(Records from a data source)
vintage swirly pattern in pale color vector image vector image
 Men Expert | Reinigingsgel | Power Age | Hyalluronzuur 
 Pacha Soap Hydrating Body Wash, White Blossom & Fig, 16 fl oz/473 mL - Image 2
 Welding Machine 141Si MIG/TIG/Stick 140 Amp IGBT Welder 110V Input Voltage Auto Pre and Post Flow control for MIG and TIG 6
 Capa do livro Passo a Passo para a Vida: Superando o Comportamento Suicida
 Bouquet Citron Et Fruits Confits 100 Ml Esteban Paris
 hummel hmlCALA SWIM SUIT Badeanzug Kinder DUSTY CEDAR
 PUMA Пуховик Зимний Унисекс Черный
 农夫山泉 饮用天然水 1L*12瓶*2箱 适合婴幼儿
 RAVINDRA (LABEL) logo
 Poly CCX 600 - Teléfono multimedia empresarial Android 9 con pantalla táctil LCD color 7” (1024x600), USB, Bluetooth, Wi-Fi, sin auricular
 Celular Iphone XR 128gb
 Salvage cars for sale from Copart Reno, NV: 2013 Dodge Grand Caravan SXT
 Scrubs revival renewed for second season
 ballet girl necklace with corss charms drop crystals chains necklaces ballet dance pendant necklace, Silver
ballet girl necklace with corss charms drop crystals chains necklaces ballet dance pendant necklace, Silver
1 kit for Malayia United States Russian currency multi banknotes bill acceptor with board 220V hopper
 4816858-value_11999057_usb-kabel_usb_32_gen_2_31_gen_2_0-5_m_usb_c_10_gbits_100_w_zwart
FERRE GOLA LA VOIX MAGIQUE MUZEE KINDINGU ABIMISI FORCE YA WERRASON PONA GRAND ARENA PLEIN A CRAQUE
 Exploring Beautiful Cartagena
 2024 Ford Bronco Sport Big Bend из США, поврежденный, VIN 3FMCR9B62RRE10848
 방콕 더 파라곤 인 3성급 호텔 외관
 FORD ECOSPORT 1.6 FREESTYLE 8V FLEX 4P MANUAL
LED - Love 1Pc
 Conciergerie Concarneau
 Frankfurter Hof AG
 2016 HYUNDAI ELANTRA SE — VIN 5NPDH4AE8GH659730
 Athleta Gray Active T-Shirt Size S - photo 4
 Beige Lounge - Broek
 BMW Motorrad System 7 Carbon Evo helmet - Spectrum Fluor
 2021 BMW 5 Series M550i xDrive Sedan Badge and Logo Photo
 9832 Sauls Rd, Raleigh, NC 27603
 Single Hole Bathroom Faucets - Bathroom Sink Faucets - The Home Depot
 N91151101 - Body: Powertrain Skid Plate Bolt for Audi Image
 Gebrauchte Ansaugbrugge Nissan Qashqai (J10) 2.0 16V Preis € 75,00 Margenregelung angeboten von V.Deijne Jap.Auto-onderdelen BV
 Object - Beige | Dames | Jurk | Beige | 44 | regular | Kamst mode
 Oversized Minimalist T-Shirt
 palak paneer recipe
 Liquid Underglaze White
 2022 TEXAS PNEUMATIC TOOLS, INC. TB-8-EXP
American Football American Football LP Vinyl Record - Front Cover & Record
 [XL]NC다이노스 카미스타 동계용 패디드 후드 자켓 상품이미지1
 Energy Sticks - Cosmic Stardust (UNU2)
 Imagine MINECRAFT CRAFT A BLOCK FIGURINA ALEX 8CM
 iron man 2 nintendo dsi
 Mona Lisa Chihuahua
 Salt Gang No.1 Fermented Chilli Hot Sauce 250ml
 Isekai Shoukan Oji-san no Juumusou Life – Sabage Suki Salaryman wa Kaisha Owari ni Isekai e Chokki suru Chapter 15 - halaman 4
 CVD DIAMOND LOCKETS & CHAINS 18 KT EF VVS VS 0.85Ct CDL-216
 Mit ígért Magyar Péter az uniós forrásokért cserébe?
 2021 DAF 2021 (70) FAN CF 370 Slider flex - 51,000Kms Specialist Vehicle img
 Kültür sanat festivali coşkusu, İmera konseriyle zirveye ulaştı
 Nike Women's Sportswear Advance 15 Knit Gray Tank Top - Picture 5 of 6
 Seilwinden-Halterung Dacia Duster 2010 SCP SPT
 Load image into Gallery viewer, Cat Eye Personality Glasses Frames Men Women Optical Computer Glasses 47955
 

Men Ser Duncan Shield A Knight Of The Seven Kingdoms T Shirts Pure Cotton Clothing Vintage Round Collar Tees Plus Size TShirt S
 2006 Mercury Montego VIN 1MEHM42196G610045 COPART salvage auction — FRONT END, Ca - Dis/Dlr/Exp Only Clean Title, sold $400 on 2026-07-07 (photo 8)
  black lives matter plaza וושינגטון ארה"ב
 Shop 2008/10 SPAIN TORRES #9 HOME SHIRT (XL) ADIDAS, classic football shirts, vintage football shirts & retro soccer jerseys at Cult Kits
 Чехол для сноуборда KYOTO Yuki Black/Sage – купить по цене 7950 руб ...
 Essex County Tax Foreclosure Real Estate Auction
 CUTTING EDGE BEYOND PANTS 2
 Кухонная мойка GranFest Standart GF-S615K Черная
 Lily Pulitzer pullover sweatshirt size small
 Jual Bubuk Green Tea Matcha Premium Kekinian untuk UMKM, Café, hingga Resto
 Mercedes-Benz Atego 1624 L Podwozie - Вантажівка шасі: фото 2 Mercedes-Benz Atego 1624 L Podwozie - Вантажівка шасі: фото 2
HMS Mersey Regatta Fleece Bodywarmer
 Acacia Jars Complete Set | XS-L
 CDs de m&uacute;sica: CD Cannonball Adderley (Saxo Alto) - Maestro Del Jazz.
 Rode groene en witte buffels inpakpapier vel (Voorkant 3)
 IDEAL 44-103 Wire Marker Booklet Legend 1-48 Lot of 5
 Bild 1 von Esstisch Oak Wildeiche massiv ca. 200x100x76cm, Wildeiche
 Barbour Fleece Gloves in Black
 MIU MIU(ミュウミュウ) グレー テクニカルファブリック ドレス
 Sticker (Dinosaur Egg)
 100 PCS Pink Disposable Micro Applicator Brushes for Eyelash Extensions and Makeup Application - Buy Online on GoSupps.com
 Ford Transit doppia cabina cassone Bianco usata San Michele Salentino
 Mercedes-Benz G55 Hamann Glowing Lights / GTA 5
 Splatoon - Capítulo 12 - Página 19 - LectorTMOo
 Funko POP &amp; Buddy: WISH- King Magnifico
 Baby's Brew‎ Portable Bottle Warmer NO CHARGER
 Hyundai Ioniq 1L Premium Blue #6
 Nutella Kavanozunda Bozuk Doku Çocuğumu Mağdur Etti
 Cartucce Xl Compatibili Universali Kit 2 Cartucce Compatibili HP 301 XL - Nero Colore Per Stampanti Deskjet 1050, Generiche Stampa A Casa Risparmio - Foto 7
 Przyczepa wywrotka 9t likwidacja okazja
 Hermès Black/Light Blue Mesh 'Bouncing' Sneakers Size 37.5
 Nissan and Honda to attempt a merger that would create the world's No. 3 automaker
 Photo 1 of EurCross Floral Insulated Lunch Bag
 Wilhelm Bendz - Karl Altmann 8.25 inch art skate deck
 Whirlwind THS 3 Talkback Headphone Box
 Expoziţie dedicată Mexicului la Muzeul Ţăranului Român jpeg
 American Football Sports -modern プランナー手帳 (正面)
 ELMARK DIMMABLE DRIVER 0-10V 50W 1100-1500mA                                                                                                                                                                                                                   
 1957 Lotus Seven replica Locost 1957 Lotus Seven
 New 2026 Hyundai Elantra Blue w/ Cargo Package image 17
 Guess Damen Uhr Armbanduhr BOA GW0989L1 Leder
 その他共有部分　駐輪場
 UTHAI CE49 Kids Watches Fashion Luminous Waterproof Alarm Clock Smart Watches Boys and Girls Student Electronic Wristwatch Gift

**PROBLEM REQUIREMENTS**
In the reply, include exactly the lines from the beginning of the entries above through the line holding "Welding Machine 141Si", and nothing besides.

**EXERCISE ANSWER**
vintage swirly pattern in pale color vector image vector image
 Men Expert | Reinigingsgel | Power Age | Hyalluronzuur 
 Pacha Soap Hydrating Body Wash, White Blossom & Fig, 16 fl oz/473 mL - Image 2
 Welding Machine 141Si MIG/TIG/Stick 140 Amp IGBT Welder 110V Input Voltage Auto Pre and Post Flow control for MIG and TIG 6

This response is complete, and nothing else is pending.